Head Chef Sun Kim has every reason to boast about his culinary track record – having worked both at Tetsuya’s in Sydney and Waku Ghin in Singapore – but the soft-spoken chef’s talents speak loudest on the plate. Focusing on modern cuisine with undoubtedly Asian flair in places, every course at Meta is a delicate little creation. Ingredients are well matched, plating is vibrant and appetising, and of course, cooking techniques are handled flawlessly.
Nit-pickers could argue that the restaurant lacks a certain level of ambience, as the dark space is illuminated by a single row of lights outside the kitchen and the dark tones of the furniture do little to add to the vibrancy. But eating here, your attention will hardly be on the choice of upholstery.
Those fortunate enough to score counter seats in this 30-seater space will be hypnotised by the flurry of tenacious chefs immaculately preparing each dish whilst hardly making a sound. Like a well-oiled pan, service is slick, warm and steady. All attention is on the staff and most importantly, on the food.
On the menu, there is a seasonal ‘prix fixe’ of six- or eight-courses that – as is customary with budding fine dining restaurants – evolves seasonally. As Meta’s name suggests, the kitchen works on the principle of existing in a constant phase of metamorphosis – dynamic and constantly evolving. Whilst we have not yet had the opportunity to sample what delights have arisen come Spring, if the Winter degustation is any indicator, diners are in excellent hands.
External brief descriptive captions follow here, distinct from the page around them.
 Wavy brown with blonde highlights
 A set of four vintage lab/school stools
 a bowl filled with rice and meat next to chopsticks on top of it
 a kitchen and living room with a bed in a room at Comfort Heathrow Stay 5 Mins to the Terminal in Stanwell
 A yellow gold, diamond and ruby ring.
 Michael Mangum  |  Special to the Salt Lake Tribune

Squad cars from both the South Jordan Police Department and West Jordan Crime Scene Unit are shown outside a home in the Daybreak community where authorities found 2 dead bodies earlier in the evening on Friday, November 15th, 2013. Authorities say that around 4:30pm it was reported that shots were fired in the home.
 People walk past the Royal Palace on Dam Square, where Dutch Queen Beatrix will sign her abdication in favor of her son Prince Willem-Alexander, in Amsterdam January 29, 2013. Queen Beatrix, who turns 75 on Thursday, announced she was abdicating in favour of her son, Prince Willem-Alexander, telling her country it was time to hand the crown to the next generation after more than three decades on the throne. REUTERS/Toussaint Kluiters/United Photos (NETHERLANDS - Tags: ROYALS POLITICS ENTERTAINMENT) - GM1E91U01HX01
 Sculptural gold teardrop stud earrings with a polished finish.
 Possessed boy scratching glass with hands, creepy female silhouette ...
We began our epicurean foray with what was easily the most voluptuous Irish oyster we have had the pleasure of slurping in Singapore. A gamble of a slightly unconventional garnish of lemon, ginger and pomelo yielded very high rewards. Next, a delicately sweet body of Amebi (sweet shrimp) camouflaged amongst a reef of yuzu, apple, and ikura, contrasted with the umami of its perfectly crisp head.
Paying tribute to Chef Sun Kim’s Korean background, the Wagyu Beef Tartare embodied a reconstruction of a traditional Korean ‘bibimbap’, where the beef took shelter beneath a nest of crisp, puffed rice, supported by egg yolk spheres and pear kimchi. As is traditional with its namesake, the ingredients were jumbled together to create an admittedly less attractive but far more flavourful bite. Not to the same calibre as the tartare was the Slow Cooked Grass Fed Beef Short Rib. While masterfully cooked, with each morsel of meat melting on the tongue, its accompanying parsnip puree and pickled oyster mushroom simply lacked the collective impact of other courses.
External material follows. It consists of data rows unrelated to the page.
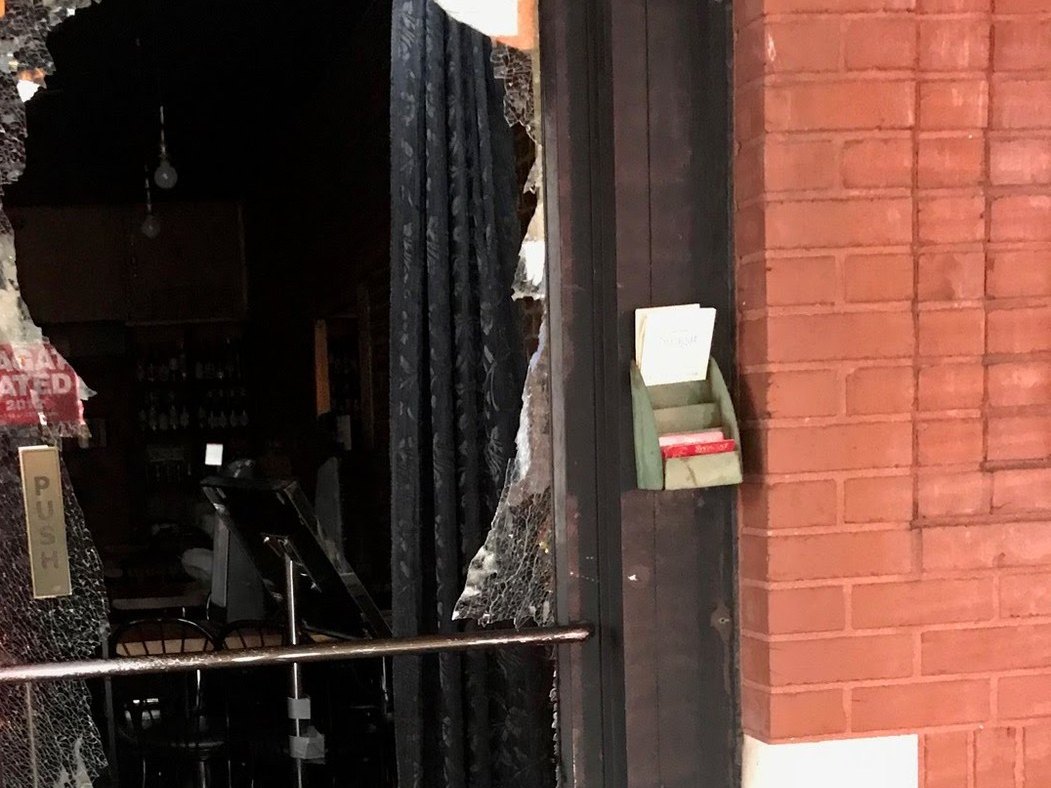Smashed glass door at a storefront needing 24/7 emergency service, Metro Local Locksmith
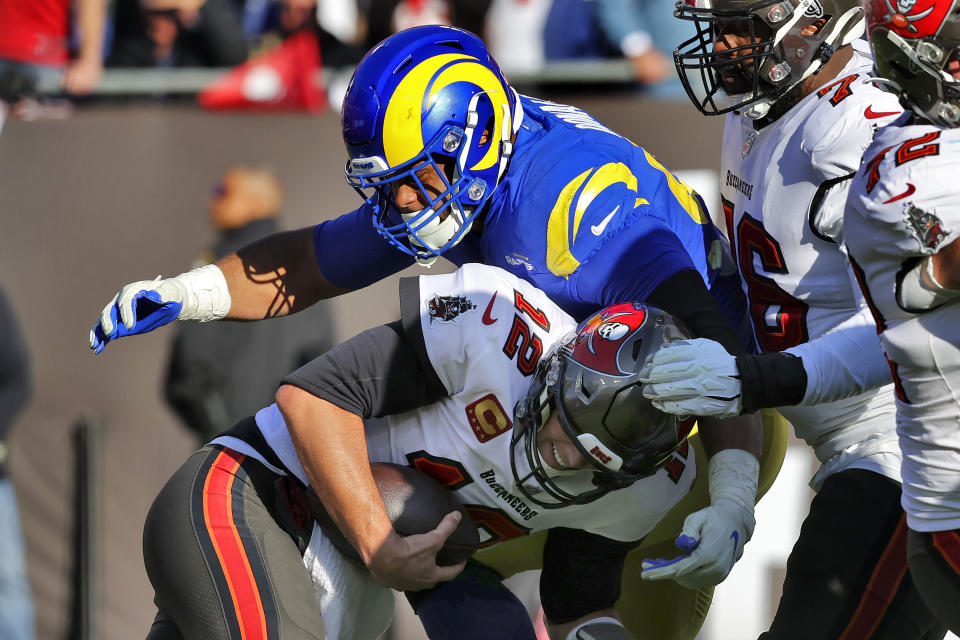 Los Angeles Rams defensive end Aaron Donald (99) sacks Tampa Bay Buccaneers quarterback Tom Brady (12) during the first half of an NFL divisional round playoff football game Sunday, Jan. 23, 2022, in Tampa, Fla. (AP Photo/Mark LoMoglio)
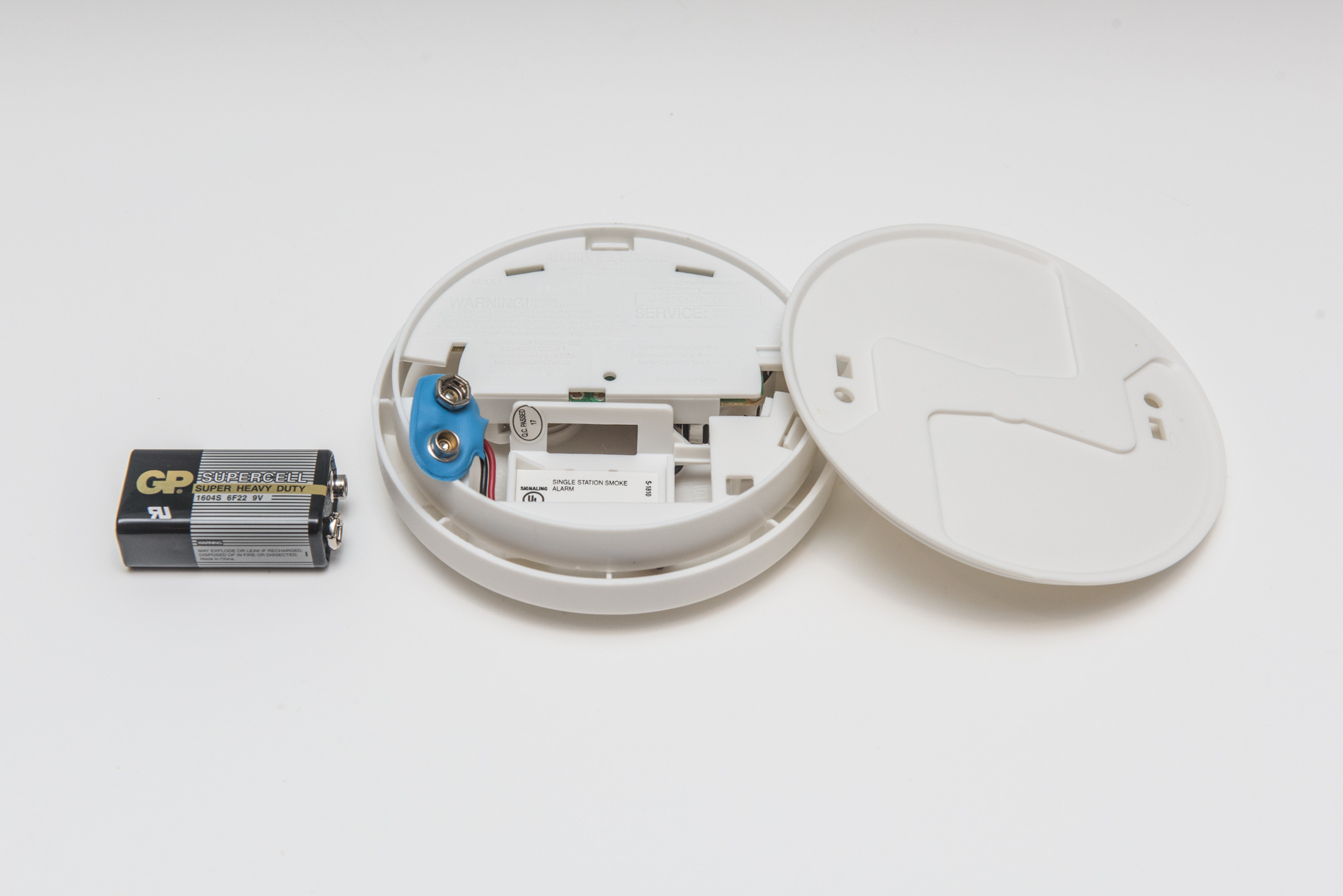 Smoke detector with battery removed at side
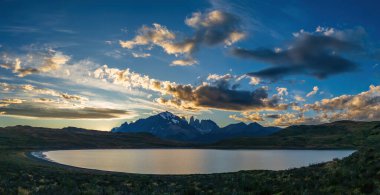 Torres del Paine 'deki sakin dağ gölünün üzerindeki büyüleyici günbatımı ve bulutlu manzara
It is clear that Meta excels when it comes to handling seafood. A deceptively humble-sounding course of Sea Bass, grilled and left floating atop a delicate broth studded with clams and fregola pasta, was simply beautiful and perhaps one of our favourite courses. Proving once again that sometimes simple is best; the quality of each ingredient was left to speak for itself.
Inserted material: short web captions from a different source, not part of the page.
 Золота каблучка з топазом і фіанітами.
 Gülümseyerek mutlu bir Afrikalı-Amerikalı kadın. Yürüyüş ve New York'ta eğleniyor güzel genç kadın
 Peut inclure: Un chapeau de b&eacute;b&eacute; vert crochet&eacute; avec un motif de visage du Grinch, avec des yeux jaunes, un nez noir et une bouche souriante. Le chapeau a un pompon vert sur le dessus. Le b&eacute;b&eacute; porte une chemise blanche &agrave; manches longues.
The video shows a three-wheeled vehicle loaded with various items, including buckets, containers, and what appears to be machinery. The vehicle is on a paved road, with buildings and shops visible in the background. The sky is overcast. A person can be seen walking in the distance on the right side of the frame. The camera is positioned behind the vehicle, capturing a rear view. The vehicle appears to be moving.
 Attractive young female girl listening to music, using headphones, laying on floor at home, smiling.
As for dessert – each of pastry chef Tammy Mah’s creations are modern and exciting. Her rendition of a ‘Cheesecake,’ presented as a golden-yellow ‘bonbon’, encasing a rich filling, was visually impressive and light on the palate. Whilst playing with liquid nitrogen may be considered a bit passé nowadays and a potentially shallow attempt at a bit of ‘razzle-dazzle’ to some, Mah’s ability to channel plenty of flavour alongside the ‘fun’ is a skill not to be underestimated.
The food aside, easily the most remarkable thing about an experience here is the staff’s attention to detail and nuanced approach to every customer. A simple passing remark of beginning to feel full saw the kitchen prepare a lighter alternative to a potentially heavy dessert. A diner’s dietary restrictions are treated more as an opportunity for the chef to get a little creative than as a dampener on your experience.
To capture Meta in an oyster shell, it is a restaurant that takes pride in executing every little thing as perfectly as possible. While the restaurant may still be finding its feet in terms of its ‘culinary identity’ on this competitive street, we think the tight-knit and young men and women in the kitchen are out to raise a few eyebrows.